The measuring device is configured to be capable of performing a predetermined voltage sweep operation on the sensor electrode 20, and includes a voltage sweep operation unit, a current measuring unit, a potential adjusting unit, a display unit, a wireless communication unit, and the like. ing. The above-mentioned respective parts of the measuring device are connected to each other so that data can be exchanged. The measuring device can transmit the data indicating the concentration of uric acid obtained by the measurement to an external device (smartphone, tablet, PC, etc.) configured as a computer through a wireless communication means (wireless communication unit) or the like. Is configured.

(Step 2)
After connecting the unit 100 and the measuring device, for example, the subject holds the measuring device and applies urine toward the intake port 33 of the unit 100. As a result, urine is supplied to the unit 100. The urine supplied to the unit 100 is taken into the storage structure from the intake 33 and is absorbed by the water absorbing member 32. The urine absorbed by the water absorbing member 32 passes through the water absorbing member 32 and reaches the surface of the sensor electrode 20. As a result, urine comes into contact with the surface of the sensor electrode 20. Excess urine that cannot be completely absorbed by the water absorbing member 32 is discharged to the outside of the storage structure (unit 100) through the discharge port 52 of the storage structure. As described above, in the present embodiment, the position and size of the discharge port 52 are set such that the discharge port 52 includes all of the sensor electrodes 20 when the unit 100 is viewed from the side. Further, when the unit 100 is viewed in a plan view, the discharge ports 52 are provided on both sides of the base material 10 in the width direction with the sensor electrode 20 interposed therebetween. As a result, the excess urine taken into the storage structure can be discharged more reliably without resorting to manual operation.

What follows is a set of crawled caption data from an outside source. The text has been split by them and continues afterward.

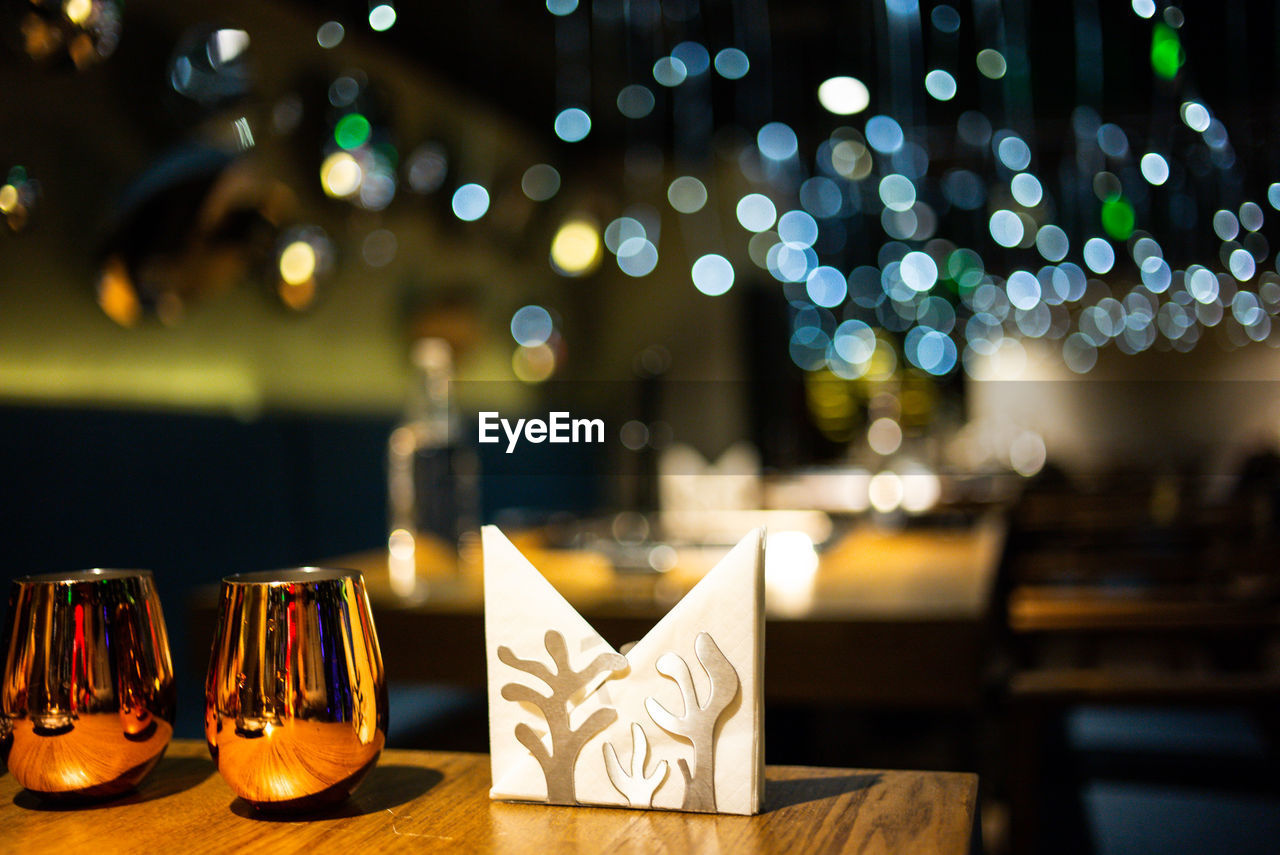 Close-up of glasses with tissue papers on table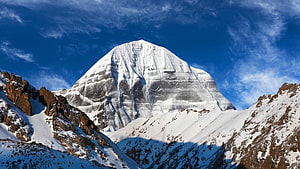 Majestic Mount Kailash Peak Rising Above Snowy Ridges Under a Deep Blue Sky HD wallpaper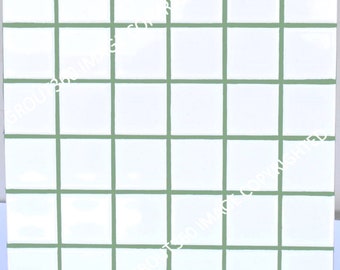 May include: Square white tiles with green grout lines, arranged in a grid pattern. The tiles are evenly spaced, creating a clean and modern look. The image is a close-up, showcasing the tile's texture and color.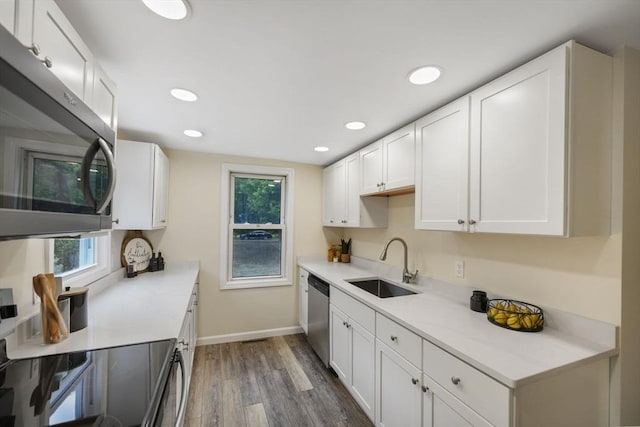 1030 Oak St, Dighton, MA 02764 - kitchen with appliances with stainless steel finishes, wood finished floors, white cabinetry, plenty of natural light, and recessed lighting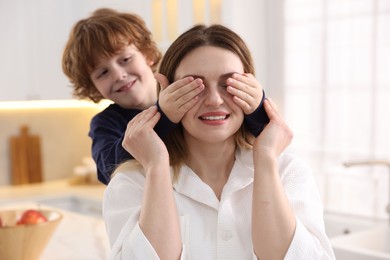 Photo of Smiling woman and her son wearing stylish pajamas having fun in kitchen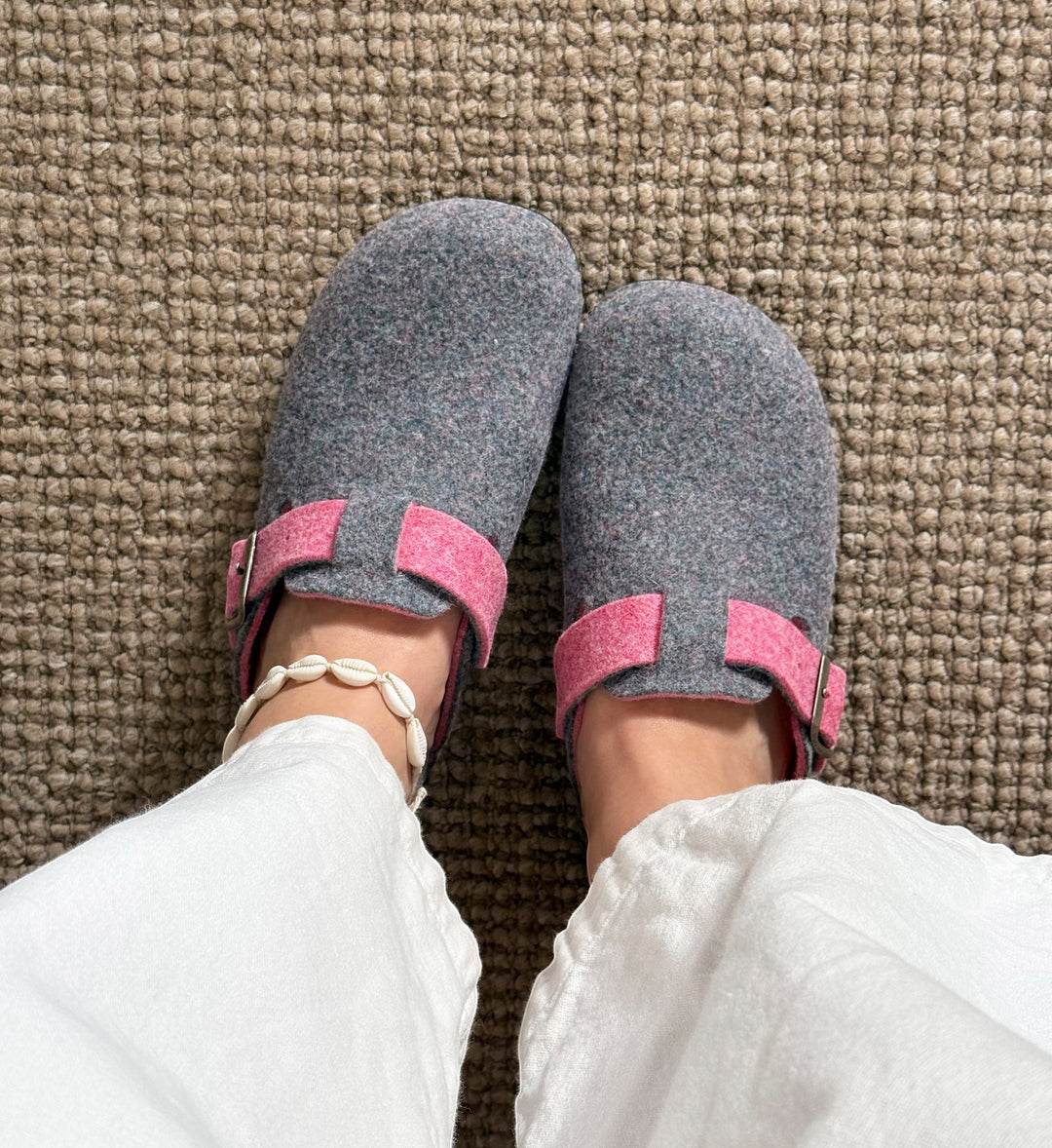 House of Florian Honey Heather Combo felt clogs in grey with pink adjustable straps worn with white trousers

Since the wirings 13 to 15 are covered with the waterproof member 40, even if urine flows toward the wirings 13 to 15 depending on the posture of the unit 100, the urine will not be absorbed by the sheet 30 and the waterproof member. It will flow between 40 and. Therefore, urine hardly adheres to the wirings 13 to 15.

(Step 3)
When urine is in contact with the surface of the sensor electrode 20, a predetermined voltage sweep operation is performed on the sensor electrode 20 from the measuring device to electrolyze uric acid contained in urine under specific conditions. The magnitude of the electrochemical reaction (for example, redox reaction) that occurs in 1. is measured.

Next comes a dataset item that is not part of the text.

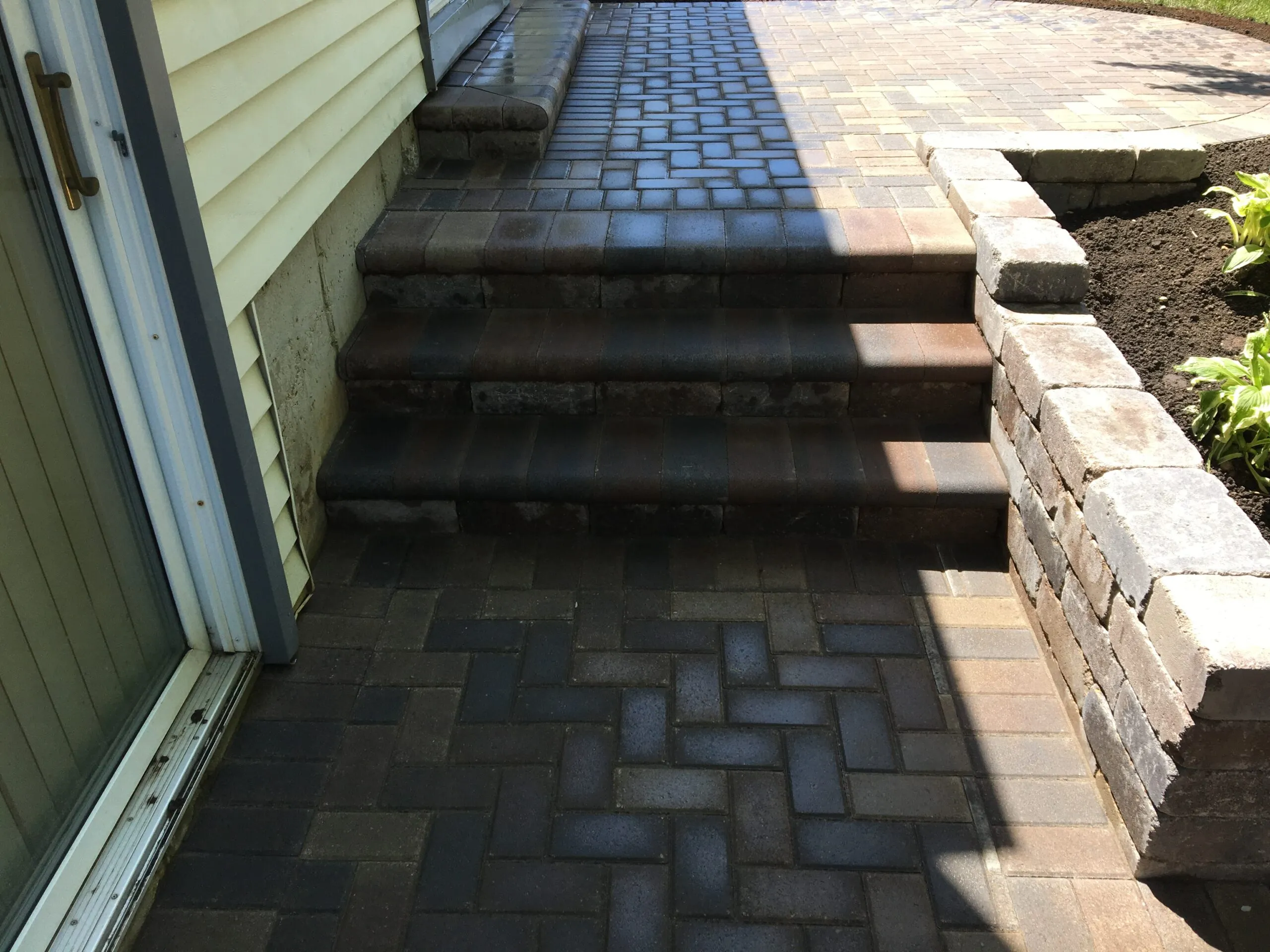 Herringbone paver steps and retaining wall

For example, when urine is in contact with the surface of the sensor electrode 20 (working electrode 21) and is applied while sweeping a voltage in a predetermined range between the working electrode 21 and the reference electrode 23, under certain conditions (specific voltage Uric acid is electrolyzed on the surface of the working electrode 21 (when the voltage is applied). When uric acid is electrolyzed, a current flows between the working electrode 21 and the counter electrode 22. The value of this current is measured, for example, continuously by a measuring device. The value of this electric current varies depending on the magnitude of the electrochemical reaction that occurs when uric acid is electrolyzed, and the larger the electrochemical reaction, the larger the value of the electric current.

Then, the uric acid concentration is calculated based on the maximum value (peak value) of the current values measured by the measuring device. Since the current value has a correlation with the uric acid concentration, if the relationship between the current value and the uric acid concentration is obtained in advance, the uric acid concentration can be quantified based on the measured current value. The measuring device displays the measured uric acid concentration on the display unit. The measuring device can also transmit the uric acid concentration data obtained by the measurement to an external device via a wireless communication means or the like. After the measurement of the uric acid concentration by the measuring device is completed, the subject removes (removes) the unit 100 from the measuring device and discards the unit 100.

(3) Effects According to this aspect, one or more of the following effects are exhibited.

(A) The unit 100 has a storage structure in which the peripheral portion of the sheet 30 and the base material 10 are bonded to each other, and stores urine taken in through the intake port 33 and contacts the sensor electrode 20. Further, the storage structure includes a discharge port 52 that discharges a part of the urine taken in through the intake port 33. With these structures, the amount of urine brought into contact with the sensor electrode 20 can be kept constant (predetermined amount), and the uric acid concentration can be accurately and stably measured by the unit 100.

The inventor has confirmed that the accuracy of measurement of the uric acid concentration by the unit 100 may become unstable if the amount of urine contacted with the sensor electrode 20 is not constant. The following is an experiment conducted to support this fact and its results.

This experiment was performed in a state where the sheet 30 was peeled from the unit 100 described above and the surface of the sensor electrode 20 was exposed. First, using a dropper, a predetermined amount of urine was applied (dripped) to the exposed sensor electrode 20. At this time, the amount of urine dripping (supplied) to the sensor electrode 20 was made different from high, medium, and low. In the case of “many”, each of the surface and the side surface of the sensor electrode 20 was brought into contact with urine entirely. In the case of "medium", 90% or more of the surface of the sensor electrode 20 was in contact with urine, but the rest was exposed including the side surface. In the case of “small”, about 50% of the surface of the sensor electrode 20 was in contact with urine, but the rest was exposed including the side surface. Then, cyclic voltammetry was performed in each of the cases of "high", "medium", and "low" to obtain the cyclic voltammogram shown in FIG. In addition, all the measurements were performed using the same unit 100. The measurement conditions other than the contact amount of urine (uric acid concentration in urine, sweep speed, sweep voltage range, measurement temperature, etc.) were all the same.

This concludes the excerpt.